They gather in Moscow, plant a few kisses, snap a group photo and draw up a few vague schemes to be forgotten in time for the next get-together. 

Then the leaders of the ex-Soviet republics go back to their own drab cities to complain about how the Commonwealth of Independent States is a waste of time.

It has helped none of them win a civil war or boost their popularity. It can’t even seem to budge most trade barriers that went up after the Soviet collapse.

But still they come, herded together by instinct. Perhaps only they can fully understand each other’s troubles. Perhaps they are nostalgic for the old Politburo galas. 

If the Soviet Union has been described as the jailhouse of nations, the CIS is like a run-down halfway house that keeps drawing back maladjusted convicts long after they have finished serving time.  A visit with Boris Yeltsin is like a chat about old times with a friendly parole officer. This, of course, is how much of the West prefers it. It wants Yeltsin to have exactly as much sway over his colleagues as Queen Elizabeth has over India and Australia at summits of that other useless commonwealth.

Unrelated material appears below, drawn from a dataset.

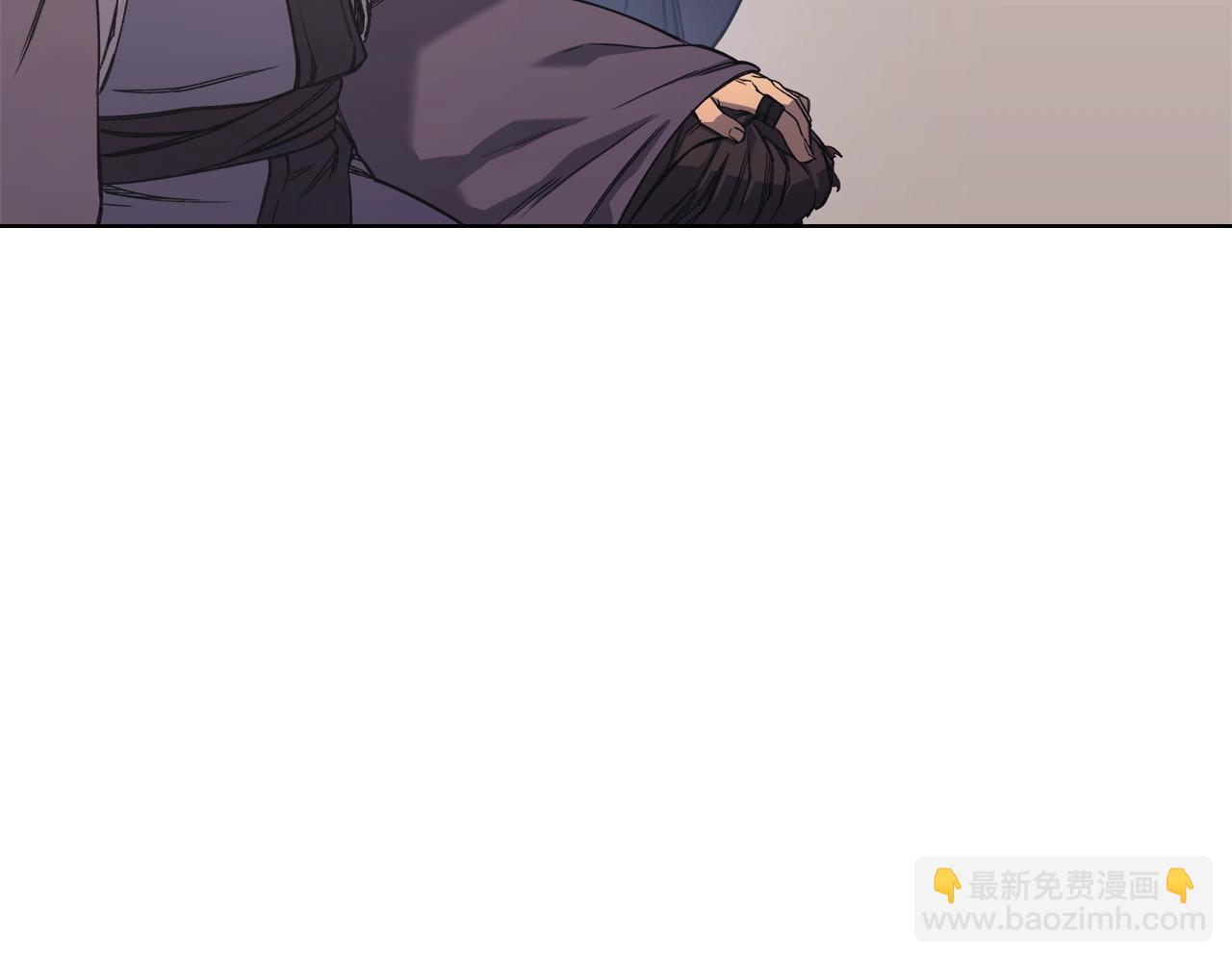 重生之我在魔教耍長槍 - 第47話 試探(4/4) - 1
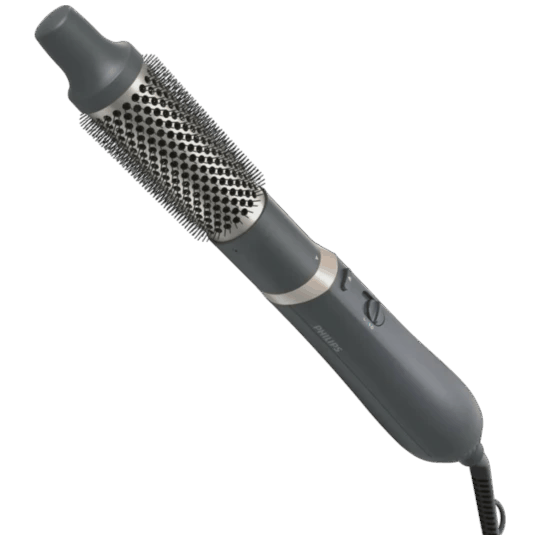 Daraqlı fen Philips BHA301/00 — Fən, Bakı (2)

Ukraine, leery of dominance by the Kremlin, has been paid handsomely by America to make sure the CIS remains a sideshow.

With the exception of a few de facto Russian satellites, other ex-Soviet republics have found their own counterweights to Russia – Azerbaijan in Turkey and America, Turkmenistan in Iran, Moldova in Romania.

The shame is that the CIS could do some good if it could ever get out from under its reams of useless paperwork and the suspicions that it furthers Russian hegemony. 

There are gains from free trade to be had – as long as the deal used the lowest common denominator instead of the highest to harmonize external tariffs. There are crime syndicates to be pursued across borders – once some of the dictators in the club stop using police cooperation as an excuse for hunting exiled dissidents. There are common social woes like hidden unemployment and drug addiction to be addressed, but these are not topics that ever clutter the CIS agenda. 

The ex-communists who meet in Moscow are too jealous of their newfound prerogatives, too enamored of the spiffy new flags they have designed to share responsibility for a common effort. 

And Yeltsin has now consigned the CIS to the status of a talking shop and source of some harmless consolation prizes, as billionaire financier Boris Berezovsky’s appointment to the position of CIS secretary proves.

With men like these in charge, the West’s paid paranoiacs can sleep soundly. The CIS will long remain a joke without a punchline.